Every great transformation of economic norms has its winners and losers. One warning that Howe and Strauss gave was of the "Great Devaluation" of assets and earning capacity. Inflation gutted the value of Continental currency; Confederate currency felt severe deflation before becoming worthless. The great stock market crash of 1929 and ensuing three-year meltdown of the value of common stock ensured that people would be unable to get the nominal value of stock purchased (if one goes with value indexes)at the peak of the bubble until the 1950s, by which time a dollar was not worth as much.
But this said -- the potential for economic gain from commercial and farming activities did not disappear. Tangible stores of income-generating wealth, whether farmland, manufacturing, and shipping did not disappear.There was no confiscation of property, unless one wishes to discuss the abolition of slavery. Even in the wreckage of the Confederate cities, people made fortunes by rebuilding what the war had destroyed.
Real harm comes from either the destruction of human capital, especially in entrepreneurial talent and blue-collar skilled trades (think of the extermination of Jewish populations under Nazi rule or of the Polish intelligentsia) or if those whose contributions are necessary enough to be rewarded well before the Great Devaluation are rendered much less valuable without viable alternatives. A neo-Marxist analysis could suggest that if the capitalist classes saved themselves from proletarian revolutions and thus Marxist-Leninist Socialism by transforming the proletariat into participants in a consumer economy, then things could be really bad for working people if their toil is greatly devalued and the ruling classes of the post-Crisis time can get away with treating industrial workers as badly as they do in Marx' depiction of the capitalism that he knew. That is one horrid world.
The reality remains; the industrial worker or the potential industrial worker has nothing to sell but his toil, whether in the early capitalism of the sweat shop with industrial workers working seventy-hour weeks and having forty-years of life expectancy or in the more modern capitalism in which workers do forty-hour workweeks and have seventy-years of life expectancy.
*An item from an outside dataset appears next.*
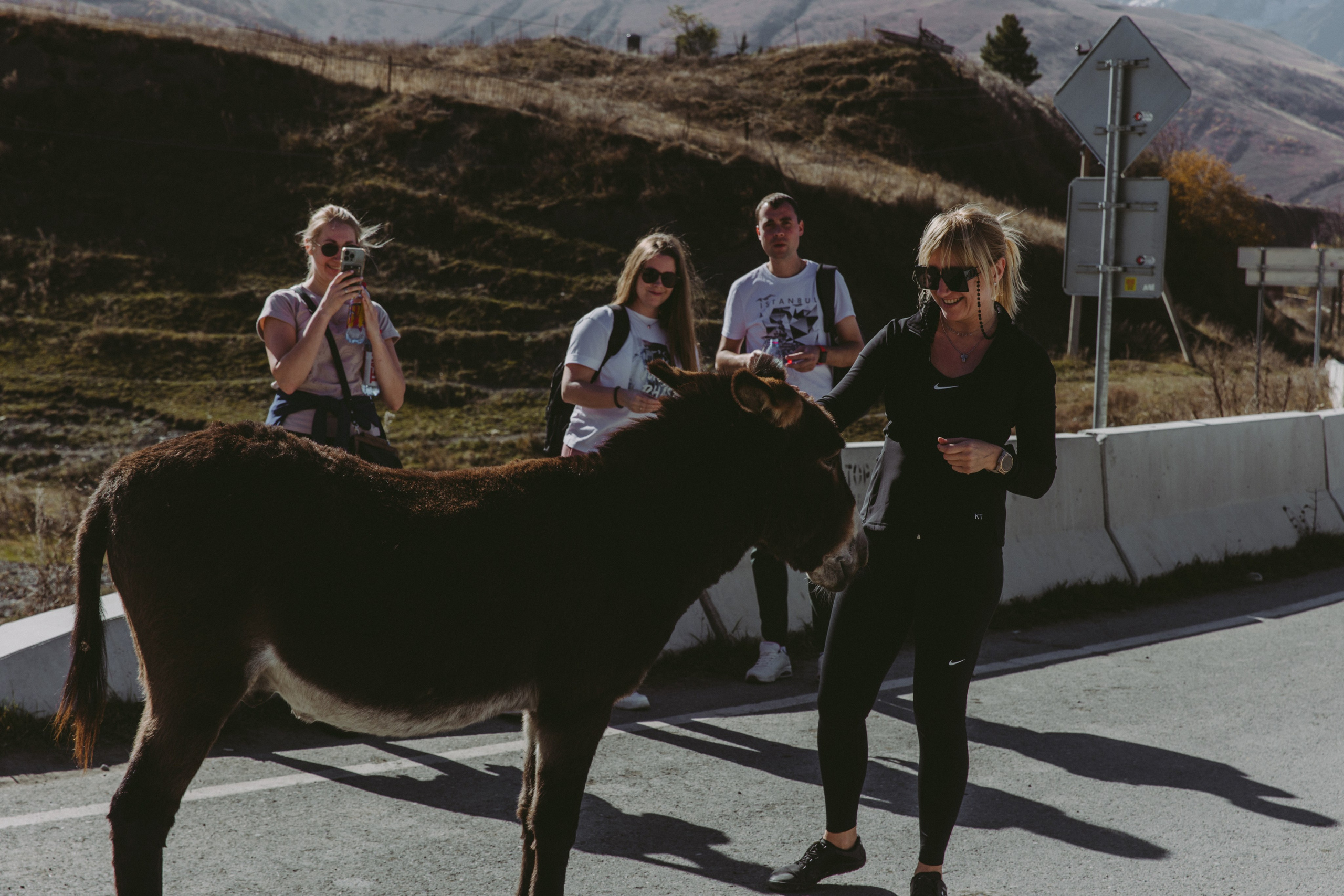 Осетия. Мастерская для создания имиджа от BenSami в Санкт-Петербурге и Москве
The economic realities for white coal miners in Appalachia as the coal seams are worked out have their analogy in the decline of manufacturing as a share of the4 economy in the 1960s and 1970s that made millions of black men superfluous in the economies of such citie4s as Detroit, Gary, and Cleveland. Such manifested itself in drug epidemics and crime waves.
So what do we do? Good question. The economic elite of shareholders, executives, landlords in cities that still have vibrant economies, and political bosses have never had thing so good. This elite (and Donald Trump is a stereotype of the worst) isn't going to change its ways until it starts to feel economic distress or is dislodged in war or revolution. This elite so far has the means of ensuring that others will feel any economic distress without recourse or relief.
Quote:Usually, the crisis leads to the culture shift. In the 1960s era, the awakening led to a culture shift. I am sort of expecting that the see saw between the cultures will end in an era that smells more like an awakening than a crisis. It isn't supposed to be, but I am not seeing the expected spiral of violence domestically, yet some problems (division of wealth, global warming, productivity increase) are building up. We are stuck calling those using violence lone nuts rather than see them organizing into large culture altering groups.
In an awakening, ideals lead to changes of values and to a cultural shift. In a Crisis, the harsh reality of war, revolution, and coups forces changes of values and of the culture. This Crisis Era can still end with a more complete consolidation of elite power, with the economic elites having more brutal means than they now have. Such would be the achievement of an inhuman economic and political order in which this sort of image
is possible again, and with the excuse 'at least he was spared execution'.
Sorry folks, this is part of the political heritage of America, and no time can so bring out the demons of the discredited past as can a Crisis Era. There are many ways in which a Crisis can end, and this one offers even the chance of the destruction of our civilization in a nuclear exchange.
The ideal subject of totalitarian rule is not the convinced Nazi or the dedicated Communist but instead the people for whom the distinction between fact and fiction, true and false, no longer exists -- Hannah Arendt.